I am following this blog and adapting it slightly, but running into problems:
- I get an error
‘Jenkins’ doesn’t have label ‘test-pod’
- The job loops infinitely.
The build agent is successfully created in Kubernetes. The test-pod
label is specified by the Jenkinsfile
so I don't know why I get this error.

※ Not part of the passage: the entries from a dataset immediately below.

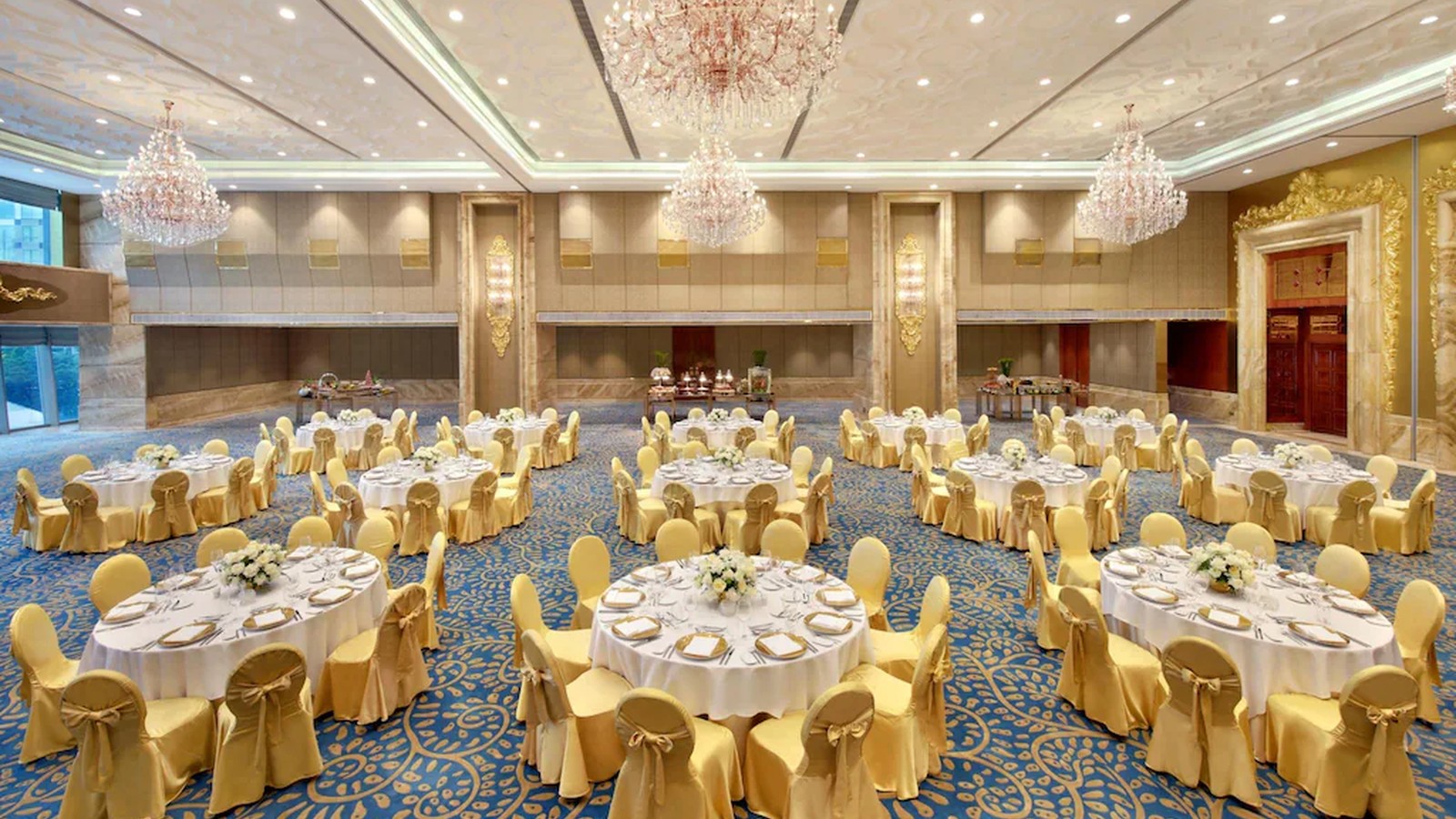 Ballroom bố trí bàn tròn, ghế vàng và đèn chùm pha lê cho không gian tiệc trang trọng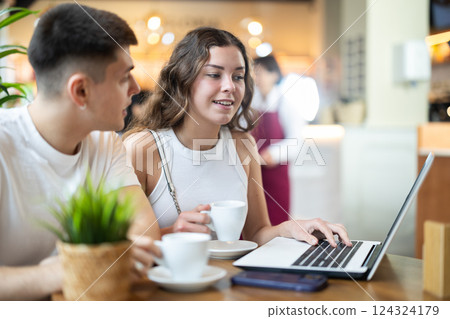 Man and woman sitting at table in cafe and looking at laptop 124324179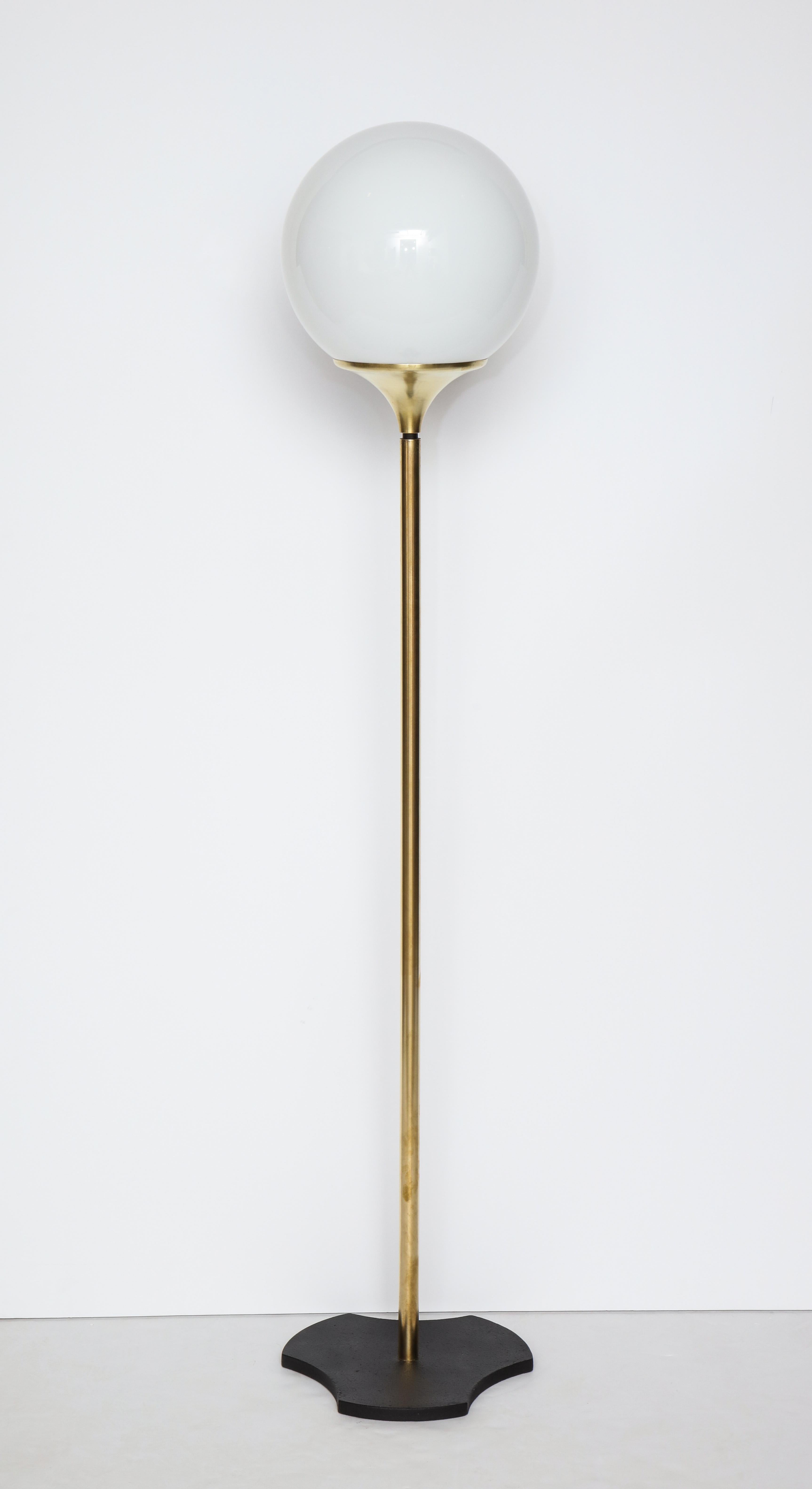 Italian 1960s floor lamp with opaque glass globe fixture; supported on a tripartite black stone base.
Italy, circa 1960.
Size: Total height 59 1/2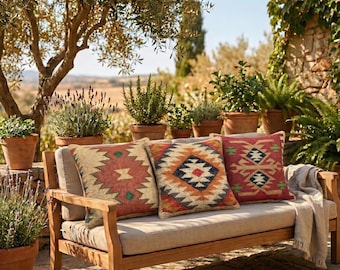 May include: A wooden outdoor bench with three square throw pillows featuring geometric patterns in shades of red, orange, blue, and cream. The bench has a light beige seat cushion and a draped light-colored throw blanket on the right side.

And how is it infinitely looping?
podTemplate(
name: 'test-pod',
label: 'test-pod',
containers: [
containerTemplate(name: 'node14', image: 'node:14-alpine'),
containerTemplate(name: 'docker', image:'trion/jenkins-docker-client'),
],
{
node('test-pod') {
stage('Build'){
container('node14') {
// do nothing just yet
}
}
}
}
)
Here is part of the Jenkins console output:
Started by user admin
Obtained Jenkinsfile from git ssh://git@kube-master.cluster.dev/git/hello.git
Running in Durability level: MAX_SURVIVABILITY
[Pipeline] Start of Pipeline
[Pipeline] podTemplate
[Pipeline] {
[Pipeline] node
Created Pod: kubernetes jenkins/test-pod-2hdfp-9kcjj
[Normal][jenkins/test-pod-2hdfp-9kcjj][Scheduled] Successfully assigned jenkins/test-pod-2hdfp-9kcjj to kube-worker2.cluster.dev
[Normal][jenkins/test-pod-2hdfp-9kcjj][Pulled] Container image "node:14-alpine" already present on machine
[Normal][jenkins/test-pod-2hdfp-9kcjj][Created] Created container node14
[Normal][jenkins/test-pod-2hdfp-9kcjj][Started] Started container node14
[Normal][jenkins/test-pod-2hdfp-9kcjj][Pulled] Container image "trion/jenkins-docker-client" already present on machine
[Normal][jenkins/test-pod-2hdfp-9kcjj][Created] Created container docker
[Normal][jenkins/test-pod-2hdfp-9kcjj][Started] Started container docker
[Normal][jenkins/test-pod-2hdfp-9kcjj][Pulled] Container image "jenkins/inbound-agent:4.3-4" already present on machine
[Normal][jenkins/test-pod-2hdfp-9kcjj][Created] Created container jnlp
[Normal][jenkins/test-pod-2hdfp-9kcjj][Started] Started container jnlp
jenkins/test-pod-2hdfp-9kcjj Container node14 was terminated (Exit Code: 0, Reason: Completed)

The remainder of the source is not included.